■漢字よりもひらがなを大切にすべきだという理由

     

1 目と芽、鼻と花

目と芽、鼻と花のように、顔の部位の名前が植物と関係があるのだろうかと感じることがあります。これは多くの方が気づいていることでしょう。語源ですから明確にはわからないというのが正確なのかもしれません。しかし偶然なのでしょうか。

中西進の『ひらがなでよめばわかる日本語』を手に取ったときに、第一章が「体のパーツ、なぜこうよぶの?」とあったので、読み始めることになりました。中西の場合、「目、鼻、耳、歯、頬、額」をあげています。耳は「実実」だというのです。

▼顔の中になぜか、植物の成長過程あるいは部分の名前が入っている。これは面白い偶然の一致だと思ってきたのですが、どうも偶然ではなく、根拠のあることだと思うようになりました。 p.16-17 新潮文庫

語源が明確になっているわけではありませんので、中西の場合も「思うようになりました」というにすぎません。したがって、証明されたわけではないのです。

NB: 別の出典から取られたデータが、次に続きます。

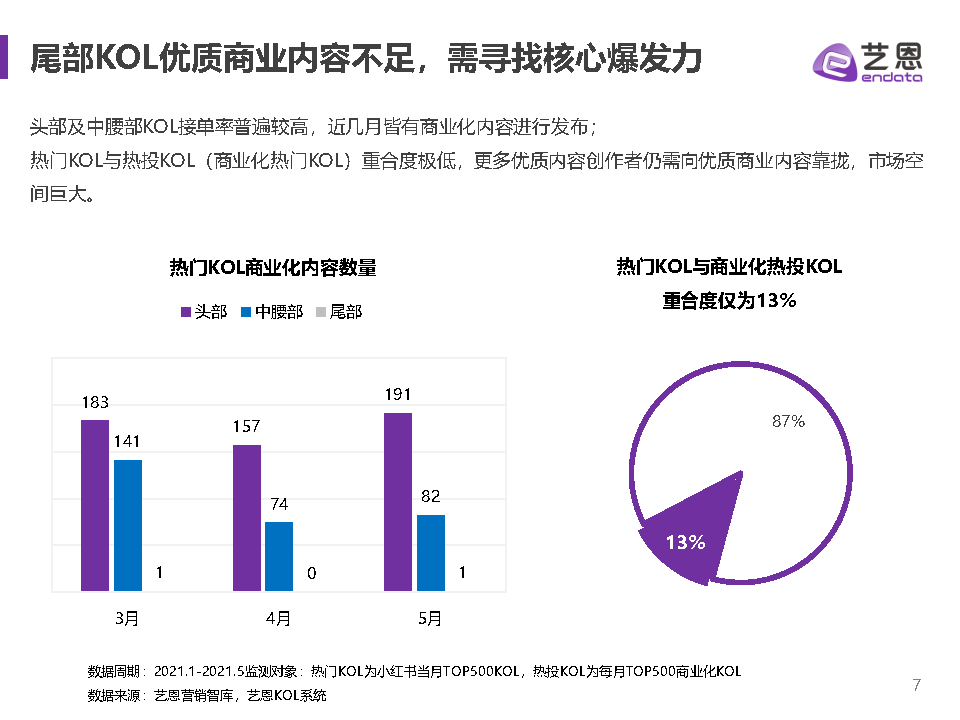 2021小红书品牌营销手册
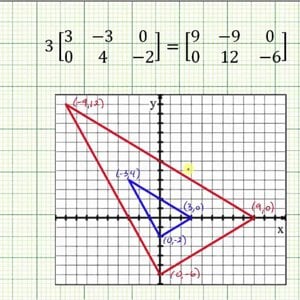 Ex: Use Matrices to Dilate and Translate a Triangle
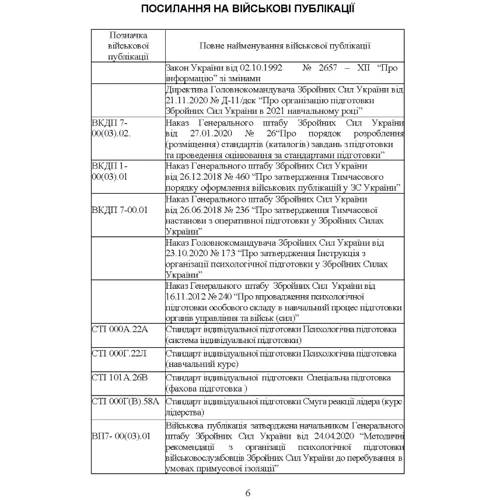 Психологічна підготовка військовослужбовців ЗСУ до перебування в умовах різкої зміни бойової обстановки та умовах примусової ізоляції: ISBN 978-611-01-2738-7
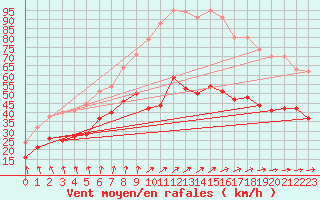 Courbe de la force du vent pour Le Talut - Belle-Ile (56)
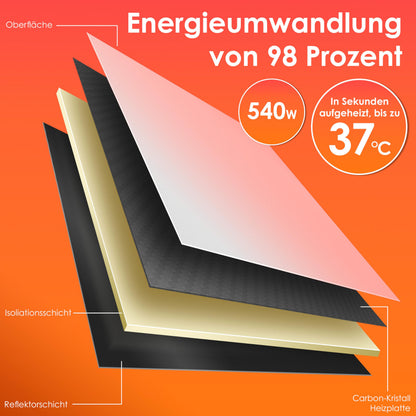 KESSER Infrarotheizung 540W Heizpaneel – Stand-/Wandmontage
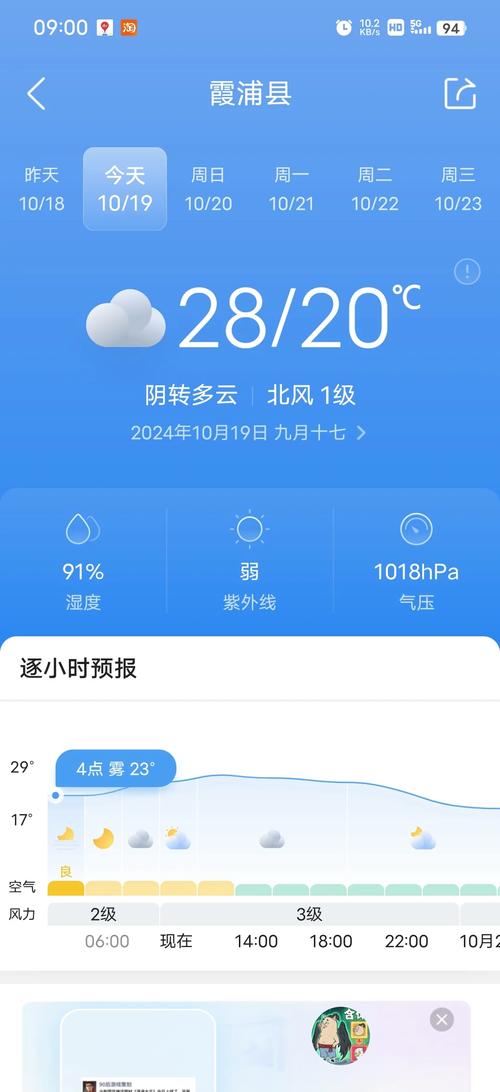 霞浦天气预报？霞浦天气预报15天准确天气情况查询？-第3张图片-优品飞百科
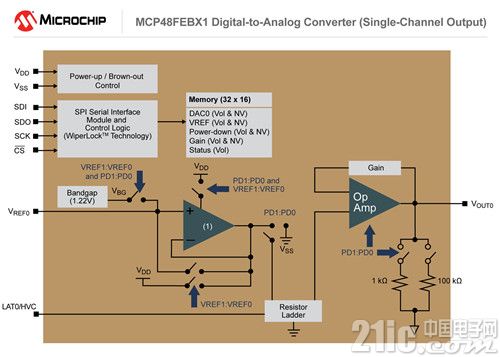 MicrochipģתEEPROMڵʱ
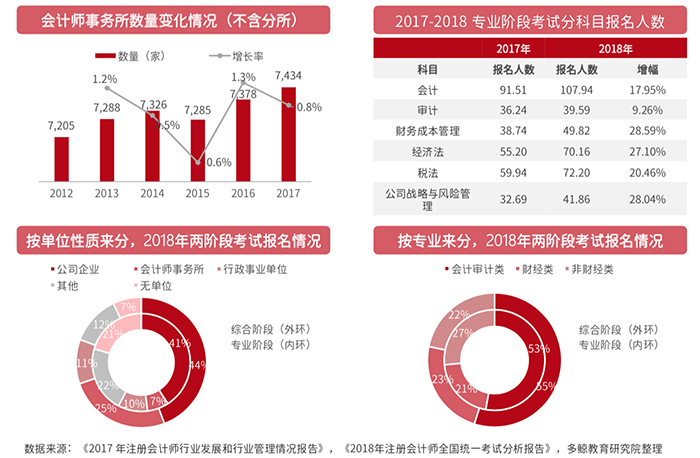 税务师报名人数趋势分析及影响因素深度探讨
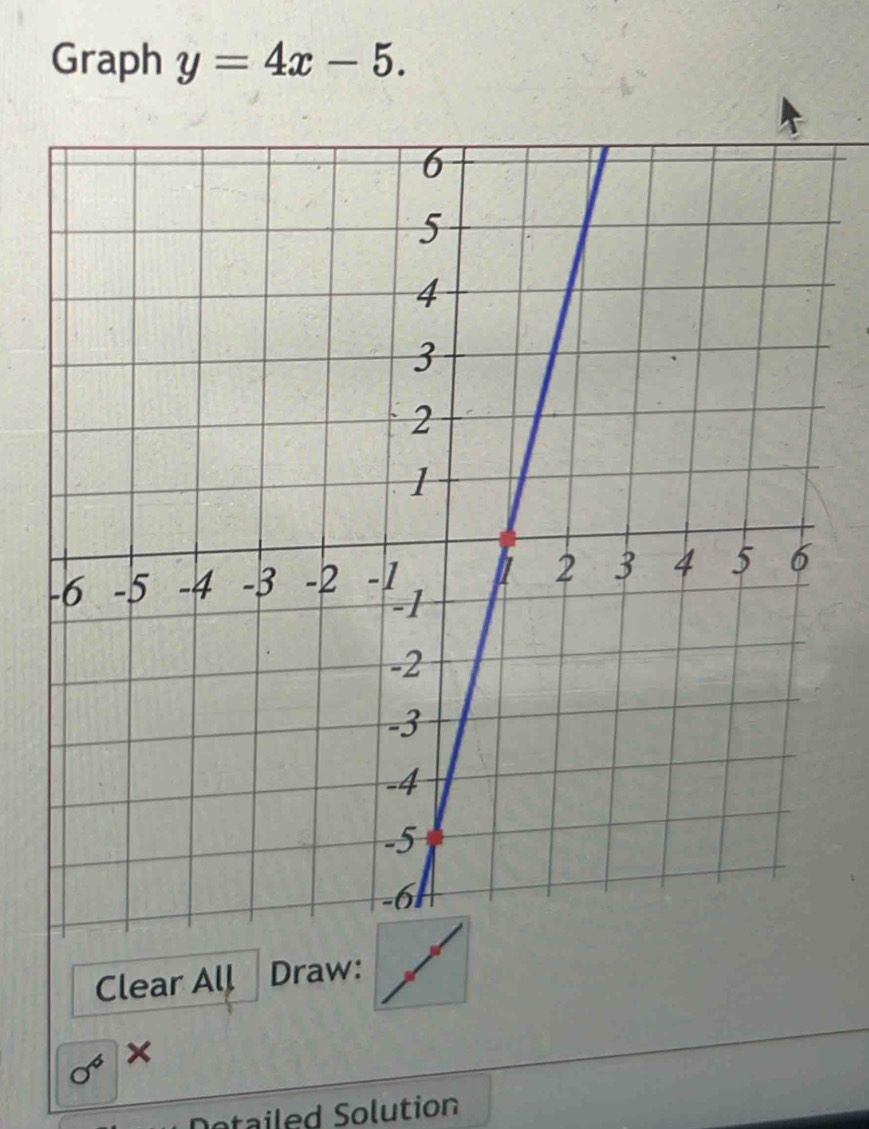 Graph y=4x-5. 
Clear All Draw: 
× 
Dotailed Solution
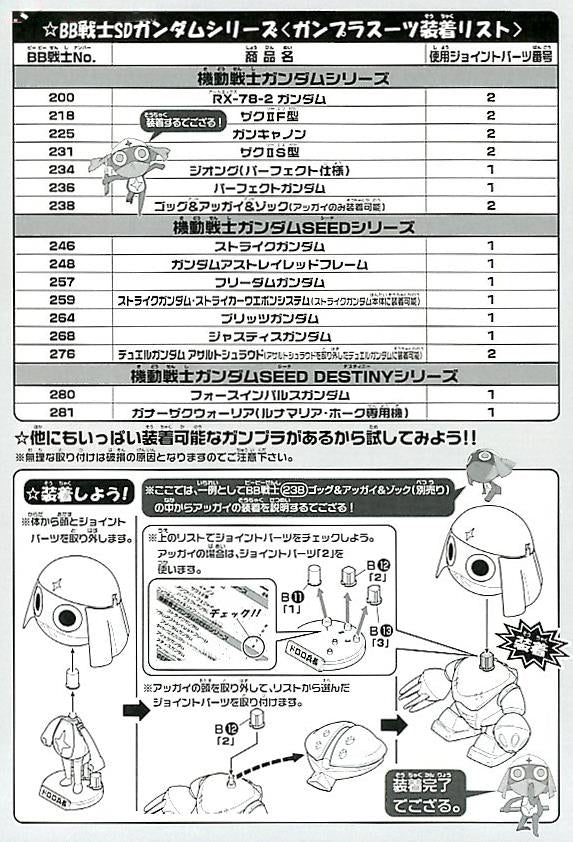Keroro Gunso Plamo Collection 05 Lance Corporal Dororo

結論はひとまずおいて、「偶然ではなく、根拠のあることだと思う」理由づけに興味がありました。

      

2 認識のプロセス

中西は、感覚器官としての役割の違いから、目と耳の違いを示します。視覚と聴覚の機能的な違いに注目するのです。視覚と聴覚の両者が関連しているということになります。[目はものを認識する器官ですね。そして耳は情報を受容する器官です]。

認識のプロセスを考えてみると、[私たちは、まず目で見ることからものを認識します]ということになります。したがって[目で見ることは最も基本の動作]だということです。さらに進んでいえば、[目が認識の基本]ということになります。

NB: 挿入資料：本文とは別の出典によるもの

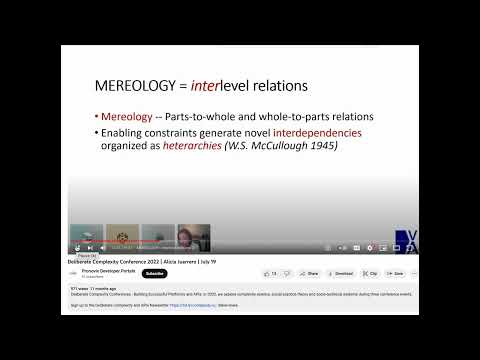 Clip: How Heterarchy (Not Hierarchy) Affects Inter-level Relationships - Alicia Juarrero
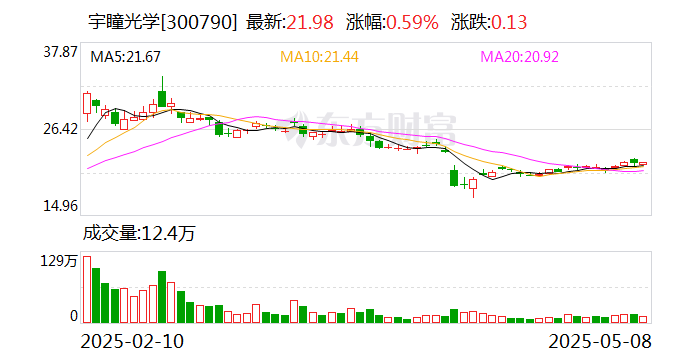 宇瞳光学:加快自动驾驶系统安全要求强制性国家标准研制对公司镜头业务没有影响 第1张 宇瞳光学:加快自动驾驶系统安全要求强制性国家标准研制对公司镜头业务没有影响 第1张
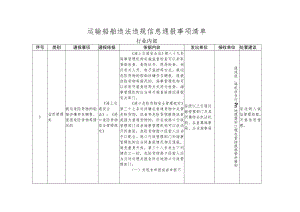 运输船舶违法违规信息通报事项清单.docx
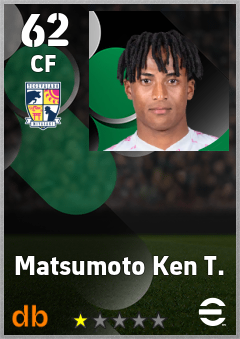 Matsumoto Ken T. — CF, OVR 62, MAX 62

一方、耳の場合、[耳で受容することによって、認識のプロセスが完結する]。つまり[耳が認識の完了であること]ということです。[「きく」が「聞く」と同時に「利く」であることからも、耳の重要性が知られるでしょう]と中西は確認しています。

     

3 どう発音するのかを考える

中西の認識プロセスに合わせた器官の配置は、[まず芽(目)があって、花(鼻)が咲く。そして、末端の「は」、つまり「端」に葉(歯)が出て、成熟した存在である実(耳)で完結する]ということになるようです。では「はな」はどうなるでしょうか。

▼花というのは、顔の真ん中に突き出ていて、呼吸をつかさどる重要な期間です。人間は呼吸することで生きているわけですから、鼻は、生命活動の中では最も優先的な、命の根源、いわば「トップ」の存在です。 (p.18)

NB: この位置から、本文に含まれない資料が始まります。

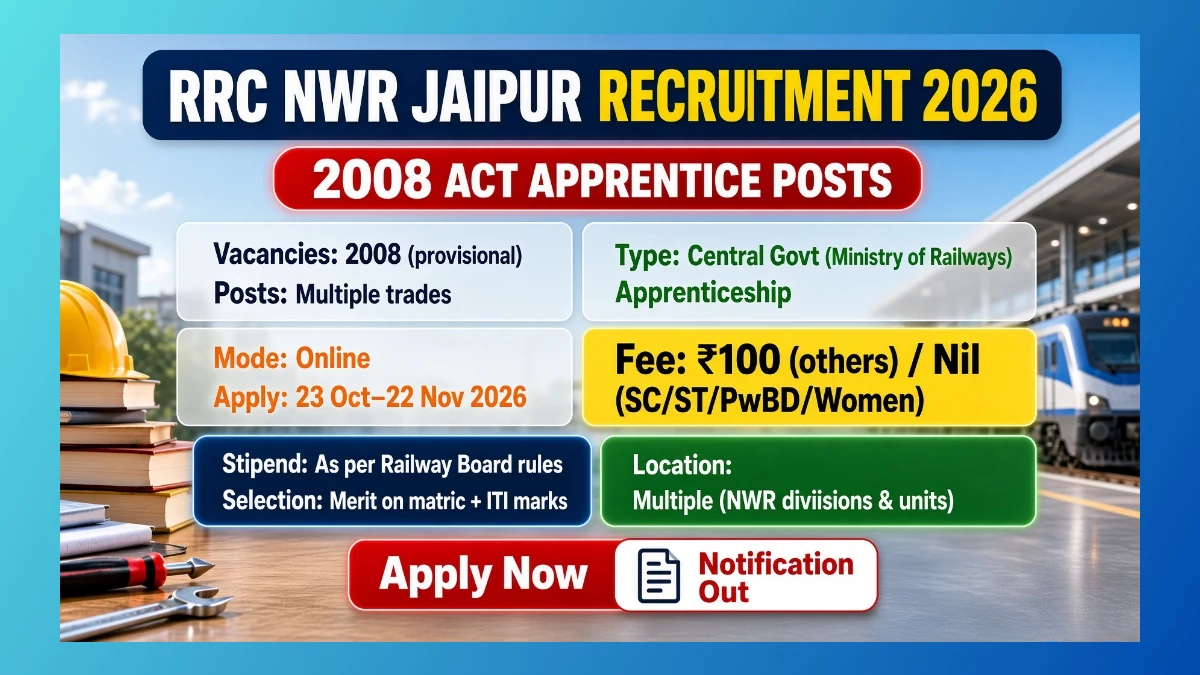 RRC NWR Jaipur Act Apprentice Recruitment 2026 notification for 2008 training slots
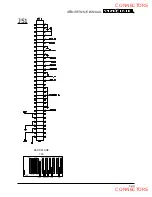 Предварительный просмотр 116 страницы Mackie d8b v3 Service Manual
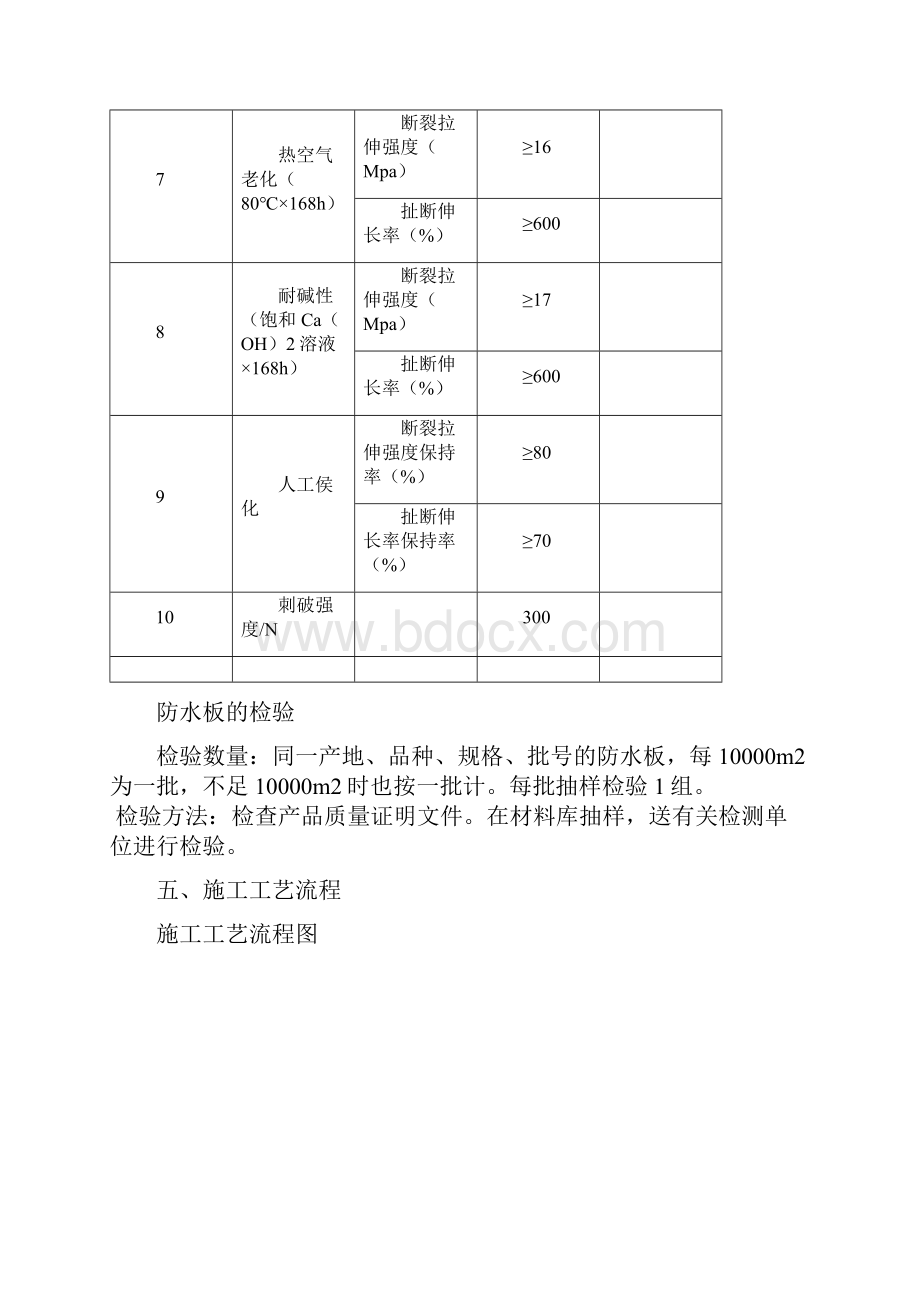 隧道防水板安装作业指导书.docx_第3页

「はな」という言葉は「はなからバカにして」「しょっぱな」「はなお」などのように、[突端のこと]を表すのかもしれません。それだから[植物の枝先に咲くのも「はな(花)」]ということになります。論証はできていませんが、わからなくはありません。

中西は言います。[私たちはつい、どういう漢字を書くのかを気にしがちです]。しかし漢字は発音に合わせてあてがったものですから「鼻」「花」「端」と書き分けます。しかし[どう発音するのかを考えることが大切]です。この点、その通りだと思いました。